Teen activists, the problems they face, how they stand against them and how you can help.

Being an activist, it’s a wonderful thing. It’s you – going out there and making a change in the world, for the better good. Its precise dictionary definition is


The policy or action of using vigorous campaigning to bring about political or social change.


No matter how you put it, it will always be a great thing to do. But activism – or making a change isn’t always easy, people will always try to prevent you from chasing your passion. And people will always try to drag you down. This article will talk about the top 3 challenges that an activist could face, reasons, top 2 ways you can stand against the challenges, and top 4 reasons of how you can support.



  1. Many people that hinder you from going out there and making a change do it because they don’t think you have it in you.

People are used to seeing kids and teens as the children who need to be told what to do, who need to know what’s right and wrong. Many are used to seeing adults as older, or more mature people going and making a change, because we have this stereotype – that adults can do more and have more potential than kids, but the only thing is -adults can only solve the problems they have, the problems kids and adults face often different. So if an adult doesn’t even face a problem how can they solve it?

This is why more teens who are mature enough are stepping up to solve their own problems, but still this stereotype won’t get out of our head and many people don’t care or want to stop a teen activist from making a change because they don’t think they have the potential to make a change and think they’re wasting their time.

2) Criticism


Criticism, this is the most common yet, the hardest barrier to pass. There can be extreme criticism or hostility and small forms of criticism

Extreme criticism happens when a group of people hate an activist so much, that would go length such as killing to spew out their revenge, a classic example is Malala, the Taliban a strong terror group hated that she was defying their rules, that they decided to go and try to kill her.

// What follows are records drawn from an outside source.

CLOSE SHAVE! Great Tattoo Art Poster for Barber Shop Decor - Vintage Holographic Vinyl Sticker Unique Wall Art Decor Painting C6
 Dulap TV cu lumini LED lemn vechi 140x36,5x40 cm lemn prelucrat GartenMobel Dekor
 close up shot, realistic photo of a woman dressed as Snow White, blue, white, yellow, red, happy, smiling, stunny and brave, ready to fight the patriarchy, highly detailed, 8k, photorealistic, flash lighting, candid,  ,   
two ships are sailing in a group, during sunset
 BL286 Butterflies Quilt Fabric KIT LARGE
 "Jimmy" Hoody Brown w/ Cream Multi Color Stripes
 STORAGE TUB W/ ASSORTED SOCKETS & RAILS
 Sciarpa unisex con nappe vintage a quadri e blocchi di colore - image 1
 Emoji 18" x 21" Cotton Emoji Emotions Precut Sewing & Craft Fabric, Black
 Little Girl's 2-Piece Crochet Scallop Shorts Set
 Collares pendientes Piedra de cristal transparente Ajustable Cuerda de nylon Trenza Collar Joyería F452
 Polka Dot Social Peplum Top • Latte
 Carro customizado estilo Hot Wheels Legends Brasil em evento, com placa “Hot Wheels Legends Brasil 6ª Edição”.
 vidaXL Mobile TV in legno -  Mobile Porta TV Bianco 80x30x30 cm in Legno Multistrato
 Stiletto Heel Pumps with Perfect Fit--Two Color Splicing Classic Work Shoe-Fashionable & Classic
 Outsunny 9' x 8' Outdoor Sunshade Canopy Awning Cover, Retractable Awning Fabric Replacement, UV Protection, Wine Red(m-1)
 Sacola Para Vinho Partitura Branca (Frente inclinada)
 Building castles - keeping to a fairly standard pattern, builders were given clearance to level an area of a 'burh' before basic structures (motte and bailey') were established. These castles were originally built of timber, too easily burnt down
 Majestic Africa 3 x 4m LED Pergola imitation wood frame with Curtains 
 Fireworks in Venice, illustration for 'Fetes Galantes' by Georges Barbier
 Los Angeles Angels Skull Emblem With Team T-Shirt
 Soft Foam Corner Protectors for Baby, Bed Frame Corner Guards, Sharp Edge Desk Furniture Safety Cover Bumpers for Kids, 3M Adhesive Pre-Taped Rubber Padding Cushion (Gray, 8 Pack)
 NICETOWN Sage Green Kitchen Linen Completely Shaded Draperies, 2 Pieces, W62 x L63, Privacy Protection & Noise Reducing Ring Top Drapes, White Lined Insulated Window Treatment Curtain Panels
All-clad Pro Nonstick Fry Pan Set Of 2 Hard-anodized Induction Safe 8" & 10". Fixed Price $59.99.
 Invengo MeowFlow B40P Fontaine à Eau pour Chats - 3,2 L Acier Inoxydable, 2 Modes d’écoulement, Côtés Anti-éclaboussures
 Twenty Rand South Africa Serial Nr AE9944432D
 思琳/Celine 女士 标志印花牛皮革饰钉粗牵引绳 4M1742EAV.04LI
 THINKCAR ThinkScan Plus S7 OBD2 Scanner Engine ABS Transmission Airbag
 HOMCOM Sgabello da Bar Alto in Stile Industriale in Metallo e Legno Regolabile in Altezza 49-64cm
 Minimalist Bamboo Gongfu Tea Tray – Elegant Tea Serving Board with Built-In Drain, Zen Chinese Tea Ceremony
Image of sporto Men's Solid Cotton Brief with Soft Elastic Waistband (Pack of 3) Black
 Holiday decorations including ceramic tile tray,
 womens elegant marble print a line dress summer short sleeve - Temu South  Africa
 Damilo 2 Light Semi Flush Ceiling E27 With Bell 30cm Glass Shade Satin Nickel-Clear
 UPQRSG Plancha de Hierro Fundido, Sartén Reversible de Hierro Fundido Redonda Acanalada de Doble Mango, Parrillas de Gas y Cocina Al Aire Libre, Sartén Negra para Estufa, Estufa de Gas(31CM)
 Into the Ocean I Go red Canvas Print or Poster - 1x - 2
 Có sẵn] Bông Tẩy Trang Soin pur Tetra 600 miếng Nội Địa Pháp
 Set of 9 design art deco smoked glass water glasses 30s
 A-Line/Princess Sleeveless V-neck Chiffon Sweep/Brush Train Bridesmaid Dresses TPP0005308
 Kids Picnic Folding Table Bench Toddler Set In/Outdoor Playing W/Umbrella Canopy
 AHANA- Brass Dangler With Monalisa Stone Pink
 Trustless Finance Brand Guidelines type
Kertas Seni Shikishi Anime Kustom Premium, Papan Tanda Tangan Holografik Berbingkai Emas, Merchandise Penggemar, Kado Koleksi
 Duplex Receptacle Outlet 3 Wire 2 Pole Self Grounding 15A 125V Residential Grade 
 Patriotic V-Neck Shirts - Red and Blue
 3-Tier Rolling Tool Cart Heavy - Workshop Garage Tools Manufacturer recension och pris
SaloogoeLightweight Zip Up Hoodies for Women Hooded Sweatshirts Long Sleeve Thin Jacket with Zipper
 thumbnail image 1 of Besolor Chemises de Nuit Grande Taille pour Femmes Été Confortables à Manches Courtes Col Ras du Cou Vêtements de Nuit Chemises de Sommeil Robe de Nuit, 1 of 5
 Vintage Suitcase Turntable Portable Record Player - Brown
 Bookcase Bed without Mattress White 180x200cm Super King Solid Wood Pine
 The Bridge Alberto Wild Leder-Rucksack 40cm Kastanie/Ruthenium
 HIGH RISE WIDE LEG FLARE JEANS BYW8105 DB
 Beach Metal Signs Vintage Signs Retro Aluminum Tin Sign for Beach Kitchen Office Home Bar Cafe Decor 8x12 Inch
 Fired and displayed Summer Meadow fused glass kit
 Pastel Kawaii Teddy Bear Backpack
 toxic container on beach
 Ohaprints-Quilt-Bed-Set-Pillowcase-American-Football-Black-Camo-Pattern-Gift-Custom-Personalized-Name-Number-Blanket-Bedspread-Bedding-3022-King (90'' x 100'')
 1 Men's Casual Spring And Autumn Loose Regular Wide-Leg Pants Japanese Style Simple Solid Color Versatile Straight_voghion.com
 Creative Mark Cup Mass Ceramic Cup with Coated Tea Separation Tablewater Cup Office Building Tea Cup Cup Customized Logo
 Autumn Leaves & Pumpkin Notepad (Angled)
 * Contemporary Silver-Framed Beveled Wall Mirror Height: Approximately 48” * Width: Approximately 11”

Another example is Matthew Williams – an anti-violence activist who was shot because some people did not like the work he was doing according to this article.

CHICAGO — Matthew Williams was a passionate anti-violence activist who moved to Chicago in search of a “new life,” a friend said.

Then – small forms of criticism and hatred, it’s kind of when 100 people throw hundreds of toothpicks that don’t hurt singularly but can kill you plurally. It’s when people don’t think that what you’re doing is important, when people dislike what you’re doing, or people don’t care

An example of criticism is the one McKenna Pope faced – many people insulted and tried to convince her it’s a waste of time – her trying to reach out to Hasbro to change a product –

Here are some extremely rude and discouraging comments and criticism she faced –

  • (disgusting liberal moms, wanting to make their sons gay)

  • (People always need something to {female dog} about)


Another example according to this article why Pakistan hates malala is shown through a twitter post, the criticism boiled down to this –


There’s nothing special about Malala. Many Pakistani children suffer worse fates than Malala. What has Malala ever done for Pakistan? Why does the world love Malala so much? And if Malala really cares about Pakistan, why doesn’t she come back?

The vitriol also included a bizarre but common conspiracy theory: Her shooting was staged.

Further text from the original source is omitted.